[cfe-dev] Some problems about function summary

Wed Apr 27 06:12:44 PDT 2011

Hi, Ted,

I am trying to extend clang static analyzer to support inter-procedural
summary-based analysis. I have implemented a simple method for detecting
inter-procedural memory leaks which still has some problems preventing
doing a precise or even correct analysis.The main idea is recording the
side effects of each function, called SE for short. The structure of SE
is maps from statements to SVals.
For example,  
void f(int *x) {
  x[0] = 1;
}
void g() {
  int a = 0;
  f(&a);
}
The SE of function f is stmt(x[0])->ConcreteInt(1) (Here, x[0] must meet
a condition that the base region of stmt must be a symbolic Region
accessed from formal argument.).

When analyzing function g, we binding the actual argument &a to the
formal argument x(call the method EnterStackFrame() in GRState class.)
and then iterator all of SEs in function f to evaluate the side
effects(Use method ExprEngine::Visit(x[0]) to get the actual SVal or
memory region of x[0] and assign it the Value Concrete(1)).

There are many problems in this method.
1. If the index of x is a local variable ,the analysis is incorrect.For
instance, void f(int *x) { int i = 0; x[i] = 1; }.The actual memory
region of x[i] is unknown.Because the value i in function f is missed in
current summary.
2. If there exists assignments between arguments, the analysis is also
incorrect.
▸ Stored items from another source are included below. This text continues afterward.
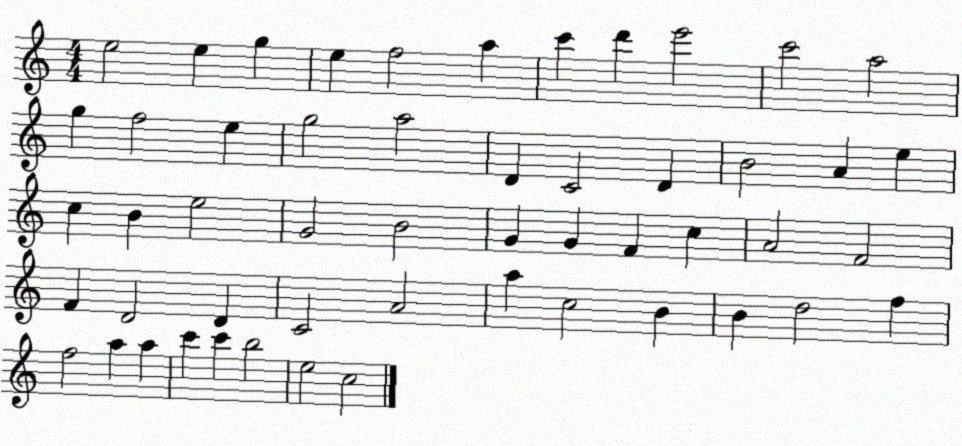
X:1
T:Untitled
M:4/4
L:1/4
K:C
e2 e g e f2 a c' d' e'2 c'2 a2 g f2 e g2 a2 D C2 D B2 A e c B e2 G2 B2 G G F c A2 F2 F D2 D C2 A2 a c2 B B d2 f f2 a a c' c' b2 e2 c2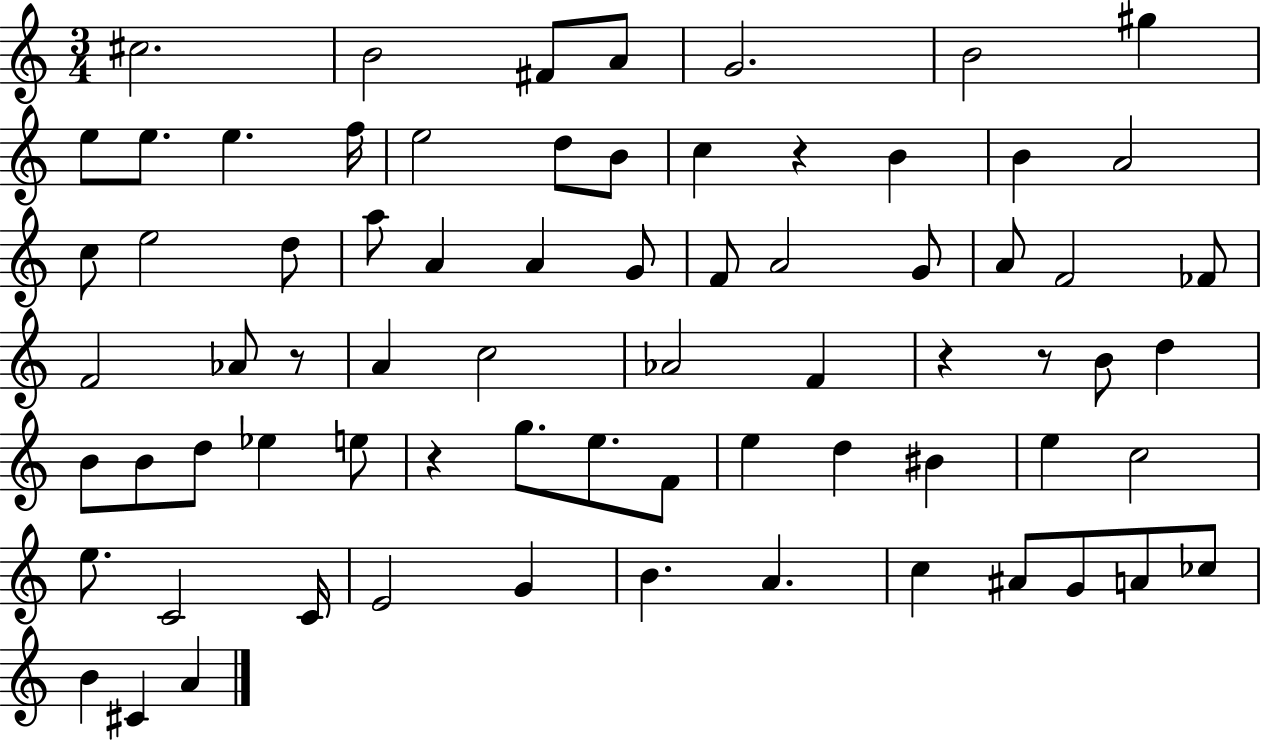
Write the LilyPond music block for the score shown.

{
  \clef treble
  \numericTimeSignature
  \time 3/4
  \key c \major
  \repeat volta 2 { cis''2. | b'2 fis'8 a'8 | g'2. | b'2 gis''4 | \break e''8 e''8. e''4. f''16 | e''2 d''8 b'8 | c''4 r4 b'4 | b'4 a'2 | \break c''8 e''2 d''8 | a''8 a'4 a'4 g'8 | f'8 a'2 g'8 | a'8 f'2 fes'8 | \break f'2 aes'8 r8 | a'4 c''2 | aes'2 f'4 | r4 r8 b'8 d''4 | \break b'8 b'8 d''8 ees''4 e''8 | r4 g''8. e''8. f'8 | e''4 d''4 bis'4 | e''4 c''2 | \break e''8. c'2 c'16 | e'2 g'4 | b'4. a'4. | c''4 ais'8 g'8 a'8 ces''8 | \break b'4 cis'4 a'4 | } \bar "|."
}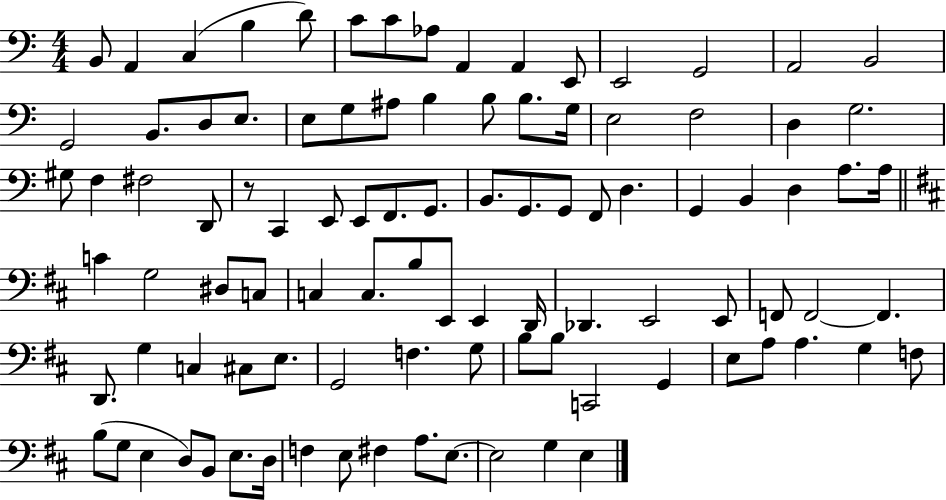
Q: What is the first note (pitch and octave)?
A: B2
For instance, void f(int *x, int *y){ x = y; x[0] = 1; }.
...
...

Obviously, the summary info is insufficient.So I try to explore more
summary info by collecting each function's access paths(AP).
Access paths are symbolic names for memory locations accessed in a
procedural.The structure of access paths is maps from statements to
memory region. We use access paths to handle the transfer from the
called function's statements with formal arguments to the caller's
actual statements. For example,  
void f(int *x, int *y) {
  x = y;
  x[0] = 1;
}
void g(int *a, int *b) {
  f(a, b);
}
The access paths of function f are stmt(x) -> symbolicRegion($x),
stmt(y)->symbolicRegion($y).In order to use access paths, the structure
of SE is adopted as maps from memory region to SVal.In this figure , f's
SE is ElemRegion{SymbolicRegion($y), 0} -> ConcreteInt(1).

While applying the summary info at the function's call site, we should
translate from the called function's memory region in SE to actual
memory region.ElemRegion{SymbolicRegion($y), 0} is translated as
ElemRegion{SymbolicRegion($a), 0},and then assign ConcreteInt(1) to
ElemRegion{SymbolicRegion($a), 0}.

This method is difficult or even infeasible to implement.Because the
translation is not always reasonable and the state data such as memory
region during intra-procedural analysis is not released which causes a
large memory consuming.

So we should define a data structure for summary which is independent of
GRState(or memory region).The most difficult thing is how to obtain the
actual value from the called function's analysis data.Can you give me
some suggestions about the design of function summary?Hope for your
reply!

-- 
Zhenbo Xu